Tüsiad Başkanı Symes: "Ab Üyeliği Hedefinden Kesinlikle Vazgeçmedik"

TÜSİAD Başkanı Cansen Başaran-Symes, ’Gümrük Birliği’nde Yeni Dönem ve İş Dünyası Raporu’ toplantısında, Gümrük Birliği’nin kapsamının genişletilmesi konusuna öncelik verilmesi, AB ile ilişkilerin tam üyelik hedefinden yan yollara sapmasını kabullenildiği anlamına kesinlikle gelmediğini söyledi.

20.10.2015 16:11
Twitter'da Paylaş Facebook'da Paylaş WhatsApp'da Paylaş

TÜSİAD Başkanı Cansen Başaran-Symes, 'Gümrük Birliği'nde Yeni Dönem ve İş Dünyası Raporu' toplantısında, Gümrük Birliği'nin kapsamının genişletilmesi konusuna öncelik verilmesi, AB ile ilişkilerin tam üyelik hedefinden yan yollara sapmasını kabullenildiği anlamına kesinlikle gelmediğini söyledi.

Türk Sanayicileri ve İşadamları Derneği (TÜSİAD), Gümrük Birliği'nin derinleştirilmesinin iş dünyasına etkilerini analiz ettiği 'Gümrük Birliği'nde Yeni Dönem ve İş Dünyası Raporu'nu açıkladı. Raporun tanıtım toplantısının açılış konuşmasını yapan TÜSİAD Yönetim Kurulu Başkanı Cansen Başaran-Symes, "Türkiye ve Avrupa Birliği arasında imzalanan 1963 Ankara Anlaşması ve 1973 Katma Protokol uyarınca 1996 yılında yürürlüğe giren Gümrük Birliği, hem Türkiye ekonomisi, hem de Türkiye-Avrupa Birliği ilişkileri için önemli dönüm noktasıdır.
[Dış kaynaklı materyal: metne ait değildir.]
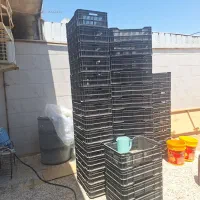 سبدپلاستیکی جهت خرما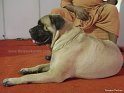 Bull mastiff 2 copy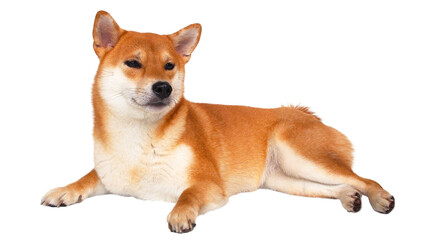isolate portrait red shiba inu on white background, For use in illustrations, Background image or copy space.
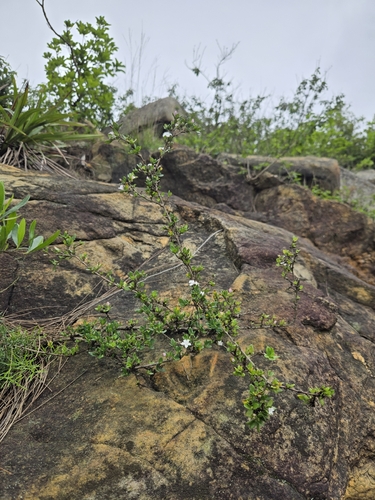 Buchozia japonica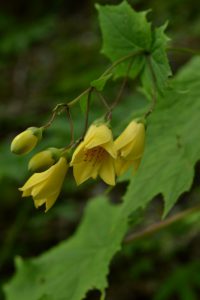 宮尾登美子さんの小説「天涯の花」で有名なキレンゲショウマの花　（徳島県にて）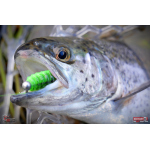 TROUT GRUB L 3 x 25 mm REDBASS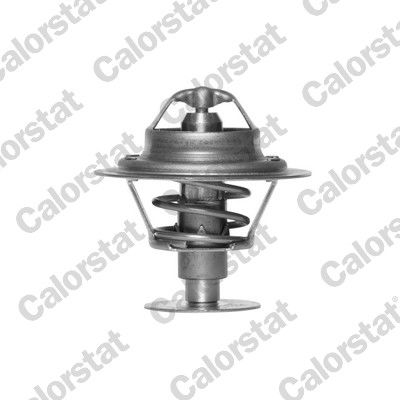 Thermostat d'eau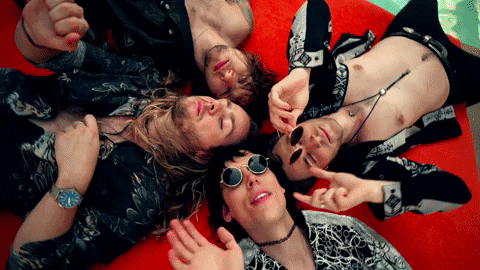 primadonna like me GIF by thestruts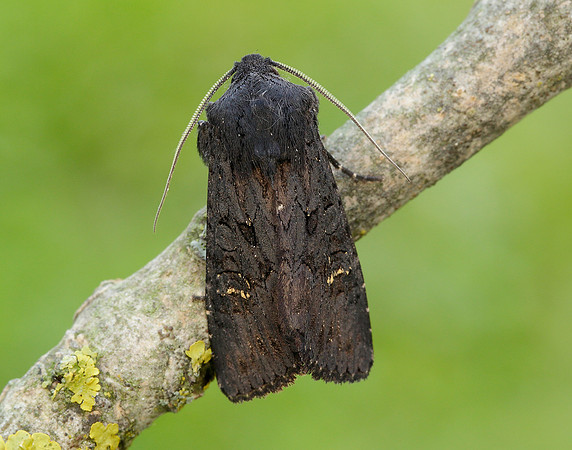 73.233 BF2232 Black Rustic Aporophyla nigra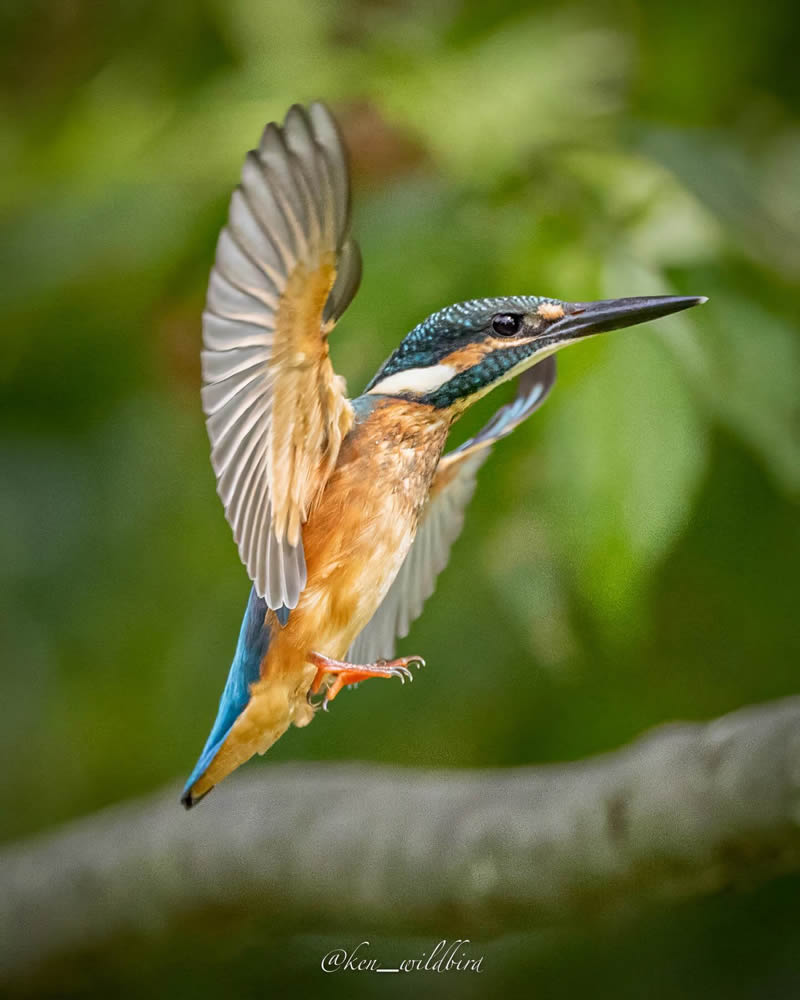 Kingfisher Bird Photography By Ken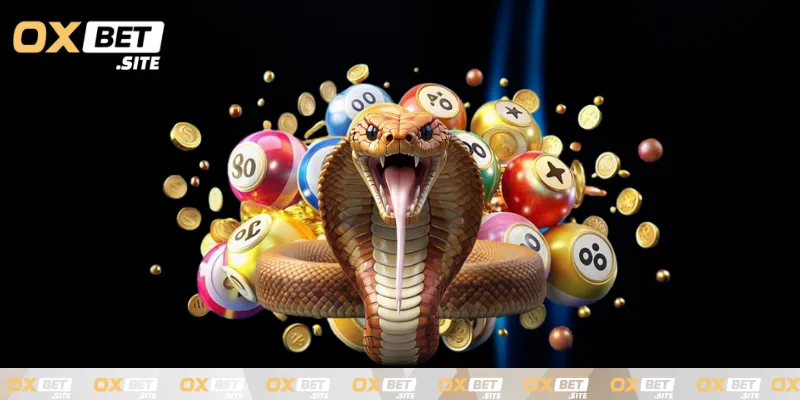 Giai-dap-mo-thay-ran-danh-so-gi-dua-tren-hanh-dong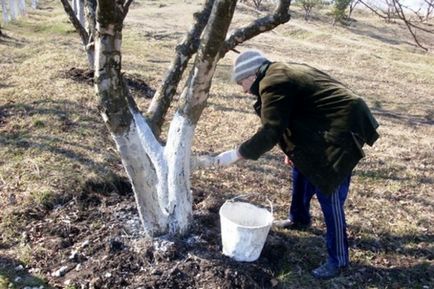 Чим обробити яблуню восени підготовка саду до зими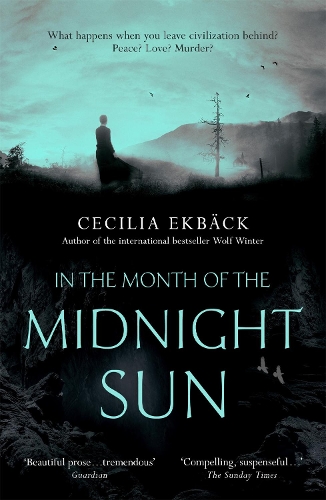 Паперова книга «In the Month of the Midnight Sun», автор Сесілія Екбек - фото №1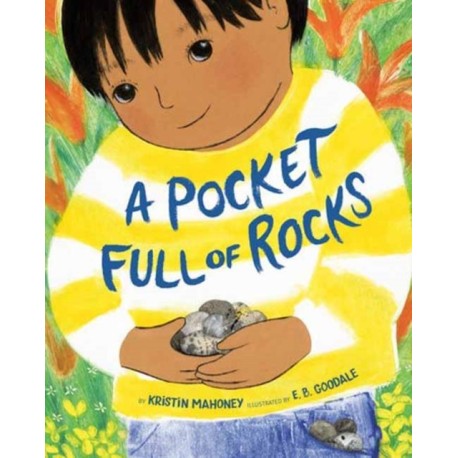 A Pocket Full of Rocks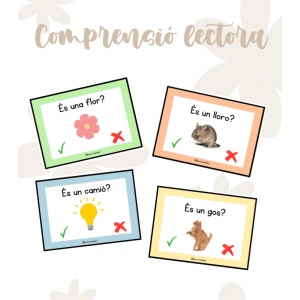 Comprensió lectora inicial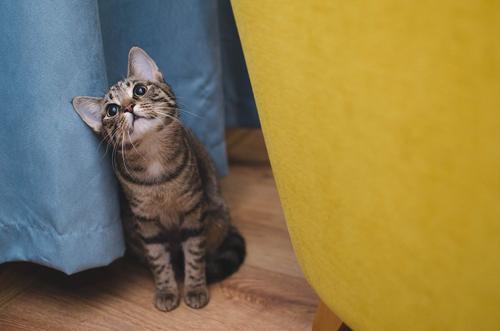 Ученые объяснили роль охоты в питании домашних кошек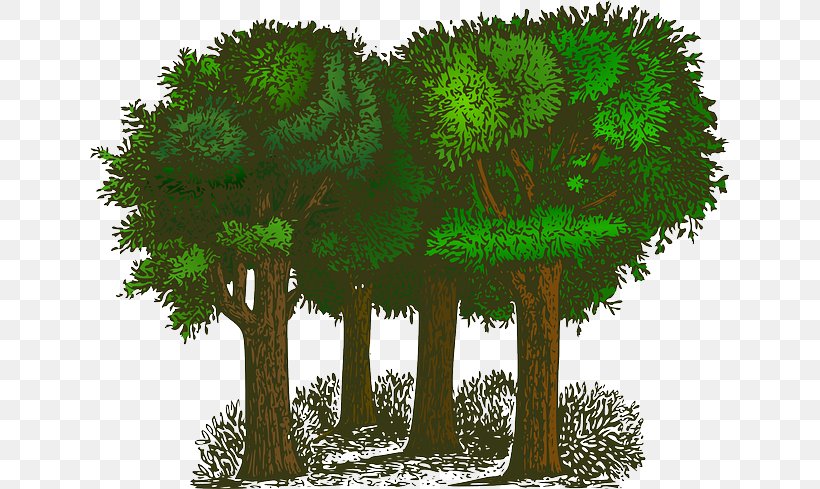 Tree Shrub Clip Art, PNG, 640x489px, Tree, Biome, Branch, Christmas Tree, Document Download Free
Gümrük Birliği'yle birlikte ticaretin önündeki engeller azalmış, Türkiye'nin Avrupa ülkeleriyle ticareti hızla büyümüştür. Bunun ötesinde, Gümrük Birliği Türkiye ekonomisinin dünya ile bütünleşmesine yardımcı olmuş, birçok sektörü dönüştürmüş, standartları yükseltmiş, Türkiye'nin Avrupa Birliği üyeliği hedefi yolunda ilerleyişimizi de oldukça hızlandırmıştır".
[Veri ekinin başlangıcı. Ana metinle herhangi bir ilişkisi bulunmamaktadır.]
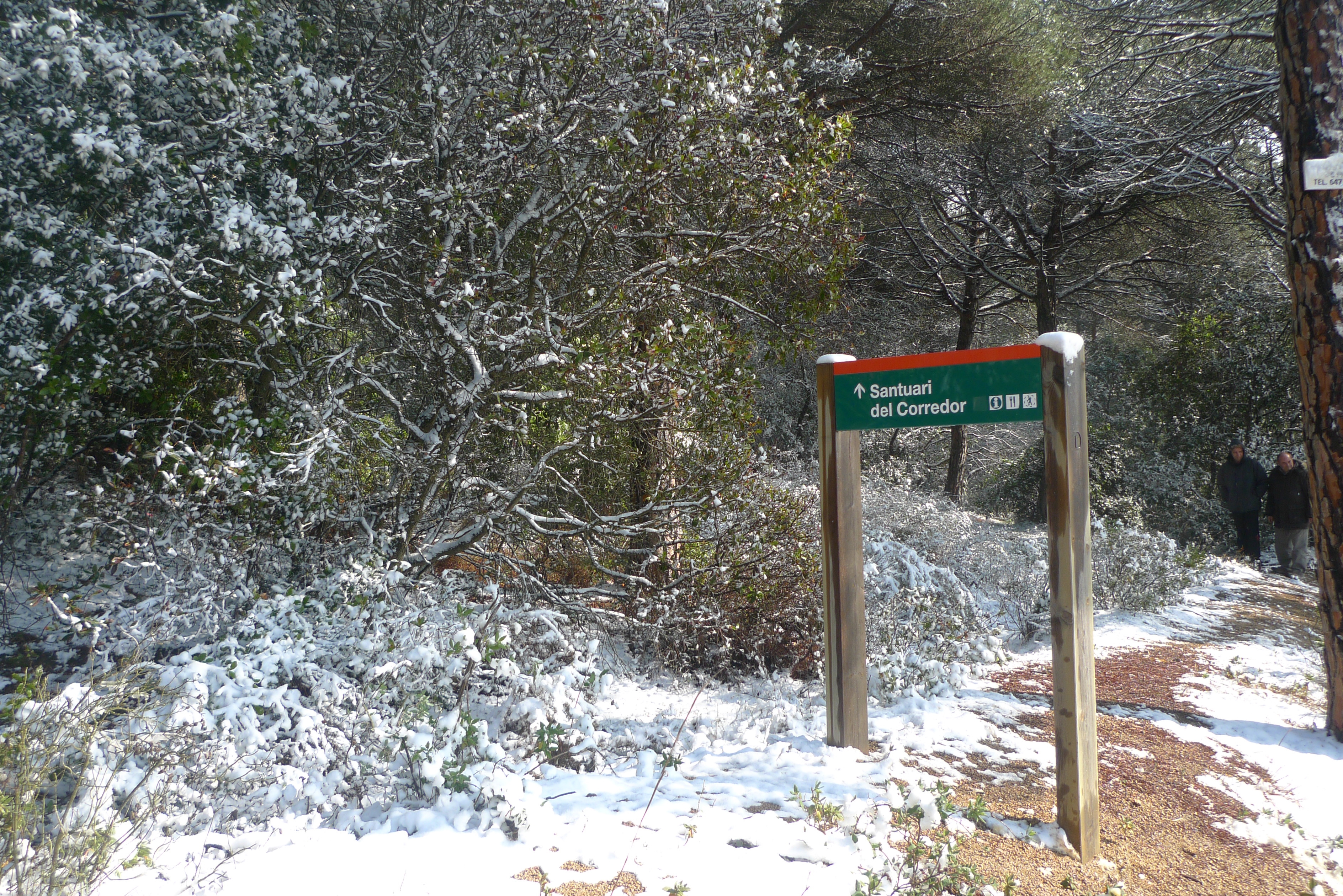 Nevada en el Parque Natural de Montnegre-Corredor. Foto: R. G.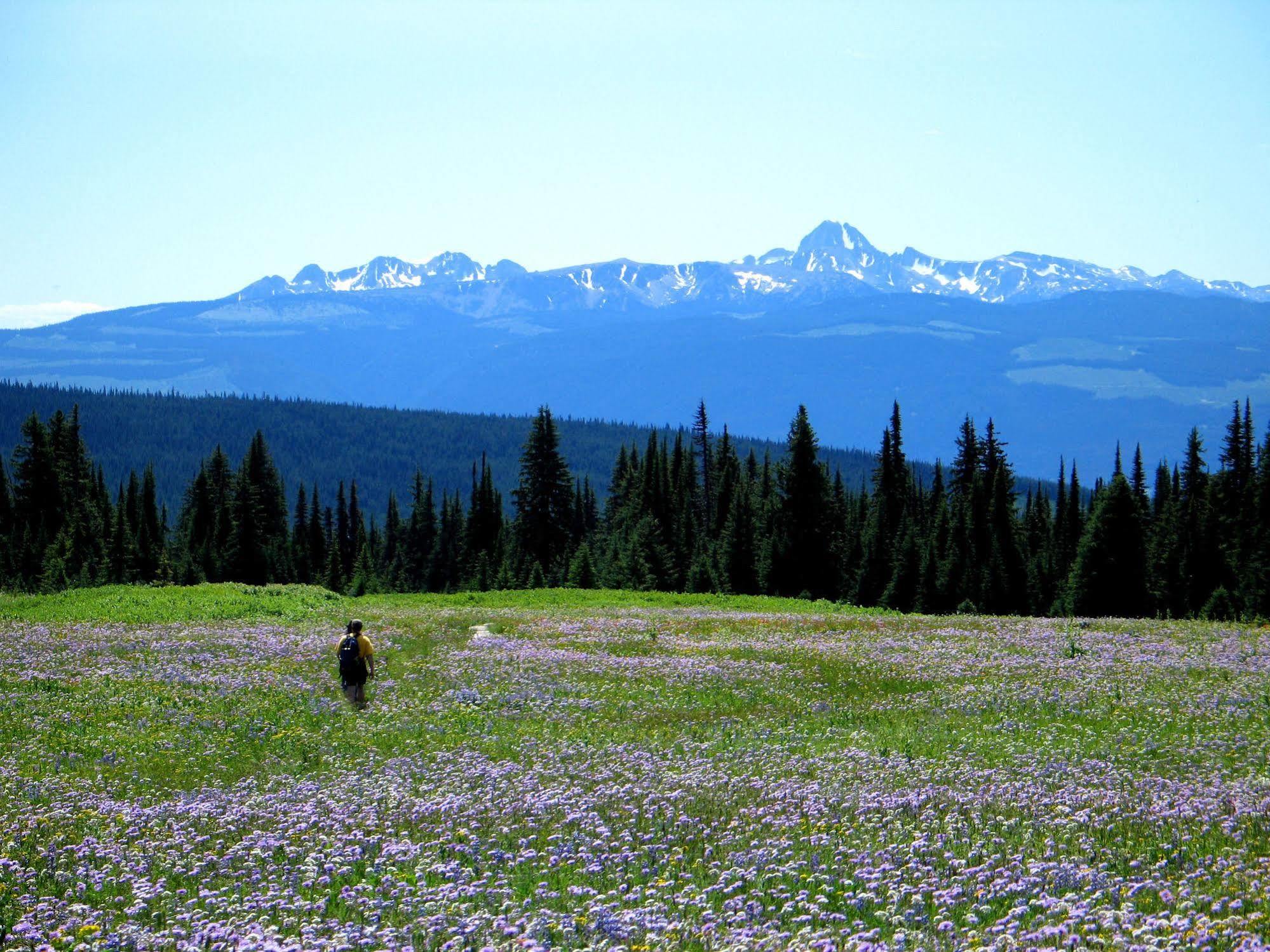 Wells Gray Guest Ranch Hotel Clearwater Kültér fotó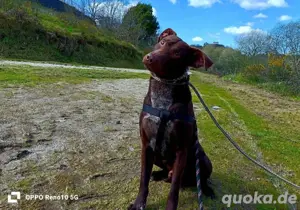 DEXTER     ein junger Abenteurer auf der Suche Bild 7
Gümrük Birliği'nin yürürlüğe girmesinden 19 yıl sonra, bugün, Gümrük Birliği'nin güncellenerek daha fazla alanı kapsaması, zaman içinde ortaya çıkan karar asimetrilerinin giderilmesi ve Türkiye ile AB arasında daha ileri bir işbirliği mekanizması yaratılması yönünde bir adım atıldığını belirten Symes, "Son olarak iki taraf arasında teknik görüşmelerin sonuçlanması ve etki analizine geçilmesiyle birlikte, konu önemli bir gündem maddesi haline geldi" dedi.

TÜSİAD Başkanı Symes, raporun Gümrük Birliği'nin güncellenmesiyle ilgili bundan sonraki tartışmalarda ve tüm tarafların yararına sonlanmasını arzu ettiklerini, müzakerelerde bir referans kaynağı olarak değerlendirileceğini umduklarını belirtti.

TÜSİAD Başkani Symes, konuşmasına şöyle devam etti: "Gümrük Birliği'nin kapsamının genişletilmesi konusuna öncelik vermemiz, AB ile ilişkilerimizin tam üyelik hedefinden yan yollara sapmasını kabullendiğimiz anlamına kesinlikle gelmemektedir. Gümrük Birliği mevcut haliyle miadını doldurmuştur. AB'nin genişleme tarihinde Malta dışında tam üyelik öncesinde hiçbir aday ülkeyle oluşturulmamış olan, dolayısıyla istisnai ve bize göre karar asimetrileri nedeniyle geçici Gümrük Birliği'ni güncellemenin en kolay ve akılcı yolu tam üyelik sürecinin somutlaşması ve kısalmasıdır".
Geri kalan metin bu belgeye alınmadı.